Le 22 juin, 3 montagnards du cercle des jeunes de Perpignan portent la flamme du Canigou depuis le Castillet de Perpignan et régénèrent la flamme chaque année. Elle est ensuite descendue et distribuée dans chaque village des pays catalans, en Provence et dans des associations catalanes dans le monde.

Le 23 juin vers 22 heures, tous les villages allument un bûcher avec cette flamm5.

Italie

À Turin

La Saint-Jean est la fête patronale de la ville de Turin, marquée par des événements organisés dans la ville : défilé historique, feux d'artifices, etc12.

En Vallée d'Aoste

La tradition des feux de joie est répandue dans la commune walser de Gressoney-Saint-Jean en honneur du saint patron, à la Saint-Jean d'Été13. Ces feux sont appelés localement Sankt Joanns Feuer en allemand.

Cette tradition est également présente à Ayas

En Lettonie

Jāņi (solstice d'été)

Le Jāņi est la fête la plus populaire de Lettonie. Ce jour-là, les villes sont en congés au profit d’un esprit païen partagé de tous, que ce soit le fonctionnaire ou l'employé de banque. Cette fête était à l'origine une célébration de la fertilité que l'on organisait entre l'ensemencement des champs et la moisson dans l’Antiquité.

Pendant le Jāņi, on chante, on danse, on festoie et on s'amuse. Sur chaque table, on doit obligatoirement trouver du fromage avec des graines de carvi, des galettes à la viande et de la bière. On allume de grands feux qui sont entretenus jusqu’à l’aube, feux de joie par dessus desquels on saute. Les couples amoureux délaissent la foule pour aller chercher la « fleur de fougère » (selon la légende elle ne fleurit que la nuit du Jāņi).

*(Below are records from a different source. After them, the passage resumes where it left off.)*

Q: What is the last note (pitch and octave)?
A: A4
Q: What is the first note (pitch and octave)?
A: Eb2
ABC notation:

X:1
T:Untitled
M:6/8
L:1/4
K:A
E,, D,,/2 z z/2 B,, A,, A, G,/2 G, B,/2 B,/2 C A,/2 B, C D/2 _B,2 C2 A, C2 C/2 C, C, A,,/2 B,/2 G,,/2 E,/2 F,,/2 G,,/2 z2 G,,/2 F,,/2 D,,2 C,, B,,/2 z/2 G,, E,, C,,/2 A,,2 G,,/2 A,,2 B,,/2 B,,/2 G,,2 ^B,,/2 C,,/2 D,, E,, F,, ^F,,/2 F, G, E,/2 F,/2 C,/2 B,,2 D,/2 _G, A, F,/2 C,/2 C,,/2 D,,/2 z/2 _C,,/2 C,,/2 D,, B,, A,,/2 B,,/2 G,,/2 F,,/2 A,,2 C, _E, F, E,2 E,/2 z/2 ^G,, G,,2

A cette occasion, les familles se rassemblent dans leur maison de campagne. On fabrique des bouquets qu’on utilise pour orner des couronnes d'herbes, de fleurs et de feuilles. Les femmes portent traditionnellement des couronnes de fleurs, tandis que les hommes portent des couronnes composées de feuilles et de branches de chêne. Le bétail et les barrières sont ornés de couronnes. Les portes et les pièces des maisons sont décorées de branches de bouleau, de chêne et de sorbier.

Autrefois, cette fête était organisée le jour le plus long de l'année, soit le 21 juin. Cette fête sera décalée à la veille du 24 juin, la Saint Jean, suite à la christianisation de la Lettonie. En 1960, les autorités soviétiques interdiront cette célébration, qualifiée de nationaliste. Beaucoup braveront l'interdit et exprimeront leur identité nationale en perpétuant la tradition.

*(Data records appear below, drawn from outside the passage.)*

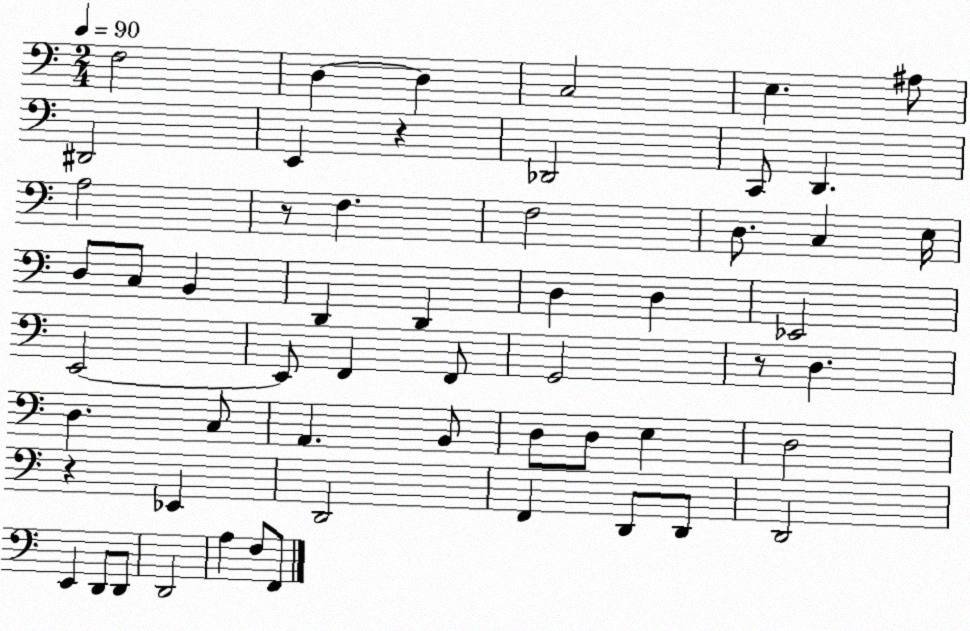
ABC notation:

X:1
T:Untitled
M:2/4
L:1/4
K:C
F,2 D, D, C,2 E, ^A,/2 ^D,,2 E,, z _D,,2 C,,/2 D,, A,2 z/2 F, F,2 D,/2 C, E,/4 D,/2 C,/2 B,, D,, D,, D, D, _E,,2 E,,2 E,,/2 F,, F,,/2 G,,2 z/2 D, D, C,/2 A,, B,,/2 D,/2 D,/2 E, D,2 z _E,, D,,2 F,, D,,/2 D,,/2 D,,2 E,, D,,/2 D,,/2 D,,2 A, F,/2 F,,/2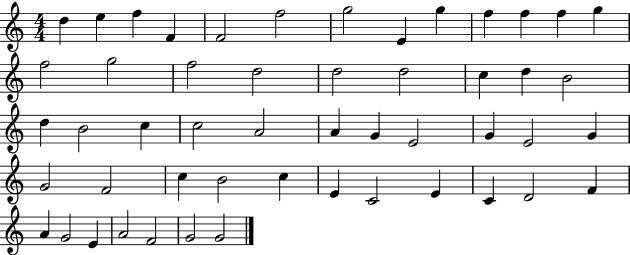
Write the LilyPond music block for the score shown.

{
  \clef treble
  \numericTimeSignature
  \time 4/4
  \key c \major
  d''4 e''4 f''4 f'4 | f'2 f''2 | g''2 e'4 g''4 | f''4 f''4 f''4 g''4 | \break f''2 g''2 | f''2 d''2 | d''2 d''2 | c''4 d''4 b'2 | \break d''4 b'2 c''4 | c''2 a'2 | a'4 g'4 e'2 | g'4 e'2 g'4 | \break g'2 f'2 | c''4 b'2 c''4 | e'4 c'2 e'4 | c'4 d'2 f'4 | \break a'4 g'2 e'4 | a'2 f'2 | g'2 g'2 | \bar "|."
}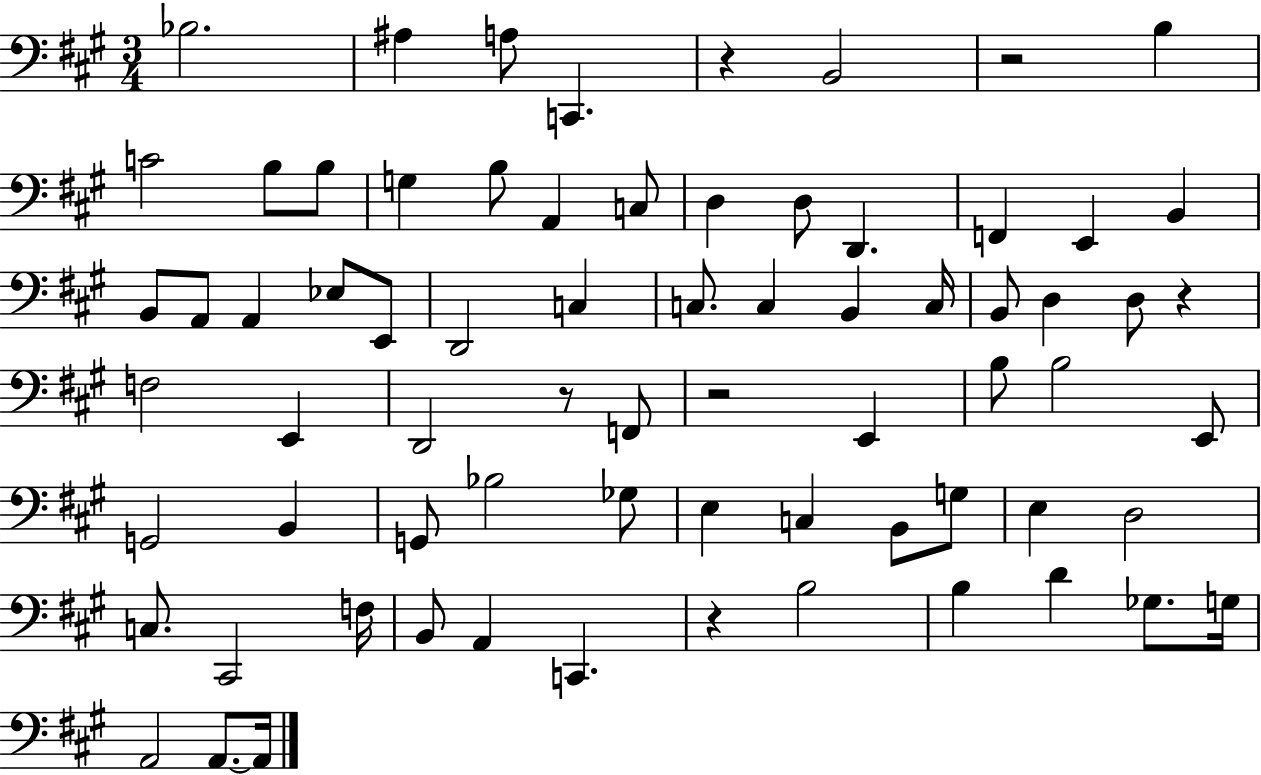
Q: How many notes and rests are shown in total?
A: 72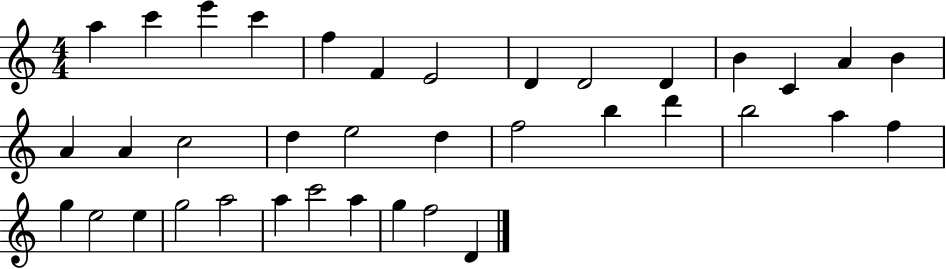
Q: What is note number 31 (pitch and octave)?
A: A5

Jānis est le prénom le plus populaire de Lettonie. On appelle « jāņogas » (« baies de Jānis ») les raisins de Corinthe, car ils mûrissent au milieu de l'été.

  En Scandinavie

C'est pendant la fin de semaine la plus proche du 21 juin (fête de la Saint Jean) que les Suédois célèbrent Midsommar.

La plupart des Suédois s'arrêtent de travailler le jeudi à 13 heures pour pouvoir se consacrer aux préparatifs. En effet les festivités ont lieu la veille de Midsommar, c'est-à-dire le vendredi, avec de nombreux jeux et danses autour d'un grand mât que l'on a habillé de fleurs et de verdure. Puisque c’est (enfin) l’été, les fleurs sont de rigueurs ! Elles ont pointé le bout de leurs pétales et ont envahi la ville en un temps record (vous vous couchez le lundi soir, il n’y a pas de fleur, vous vous réveillez le mardi matin, elles sont partout !) comme dans le conte d’Hans Christian Andersen Les Fleurs de la petite Ida. les fleurs décorent les rues et les maisons, mais également les chemises de ces messieurs et les têtes de ces demoiselles. La couronne traditionnelle du Midsommar se fait à la main et si possible avec les fleurs du jardin.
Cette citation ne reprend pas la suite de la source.